A type of Internet marketing that specializes in increasing a Website's visibility in search engine result pages (SERPs) through the use of Search Engine Optimization (SEO), Pay-Per-Click Advertising (PPC), and Web analytics.

Search Engine Optimization (SEO)

The process of editing a web site’s content and code in order to improve visibility within one or more search engines. Search Engine Optimization (SEO) attempts to position pages higher within the organic ("natural") listings on search engines, as opposed to the sponsored listings (paid ads).

Search Engine Results Page (SERP)

The page delivered to a searcher that displays the results of a search query entered into the search field. Displays both paid ad (sponsored) and organic listings in varying positions or rank.

Search Query

The word or phrase a searcher types into a search field, which initiates search engine results page listings and Pay-Per-Click Advertising (PPC) ad serves. In PPC advertising, the goal is to bid on keywords that closely match the search queries of the advertiser’s targets.

Social Media

Websites in which users actively participate, interact, and communicate to determine the content. Examples: Facebook, Twitter, MySpace, YouTube, Wikipedia, Digg, etc.

Sponsored Listing

A term used as a title or column head on search engine results pages (SERPs) to identify paid advertisers and distinguish between paid and organic listings. Alternate names are Paid Listings or Paid Sponsors.

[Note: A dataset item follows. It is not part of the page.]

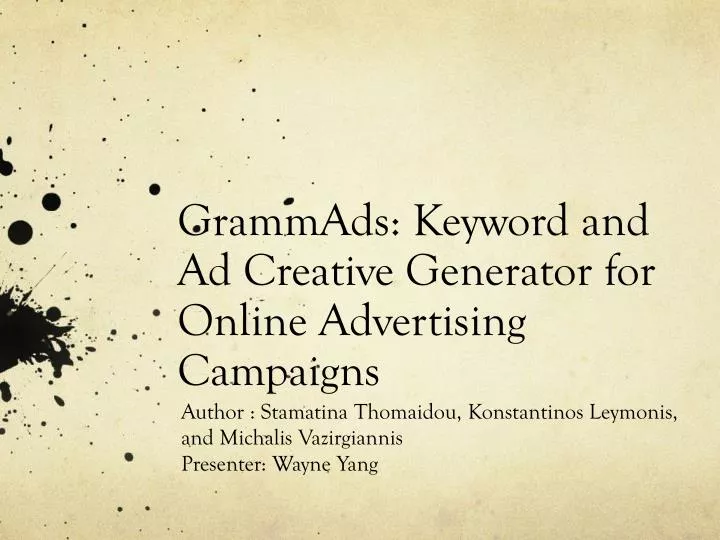 grammads keyword and ad creative generator for online advertising campaigns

Refers to the number of visitors a website receives. It can be determined by examination of web logs and through analytics.


Unique Visitor

Identifies an actual Website visitor, who is tracked by a unique identifiable quality (typically Internet Protocol [IP]address). If a visitor comes to a Web site and clicks on 100 links, it is still only counted as one unique visit.


Viral Marketing

Refers to marketing techniques that use pre-existing social networks to produce increases in brand awareness. The awareness increases are the result of self-replicating viral processes. It can often be word-of-mouth delivered and enhanced online; it can also harness the network effect of the Internet and can be very useful in reaching a large number of people rapidly. Also called viral advertising.


Web 2.0

A Web 2.0 site allows its users to interact with each other and determine the site's content. The term is frequently used to refer to an unspecific new version of the World Wide Web and the future of the Internet. Also see social media.

Web Analytics

Understand what visitors are doing on your Website. An online process that measures, collects, analyzes, and reports Internet data for purposes of understanding and optimizing search results, as well as for business and market research. With analytics, we're more prepared to write better-targeted ads, strengthen your marketing initiatives and create higher converting websites.

Website Optimization

Discover what motivates your visitors to become customers. The practice of increasing your existing website's traffic and value by implementing tests and techniques that optimize the site's content and design. Website tests include A/B testing (testing one variable at a time) and multivariate testing (testing more than one variable at a time). The primary goal of website optimization is usually to increase revenue and the number of conversions.

Web Server Logs

Large text files which keep a running count of all search terms used by visitors to your site. Most web server software and all good web analytics packages have these. Useful for developing and refining Pay-Per-Click (PPC) campaign keyword lists. Also called Log Files.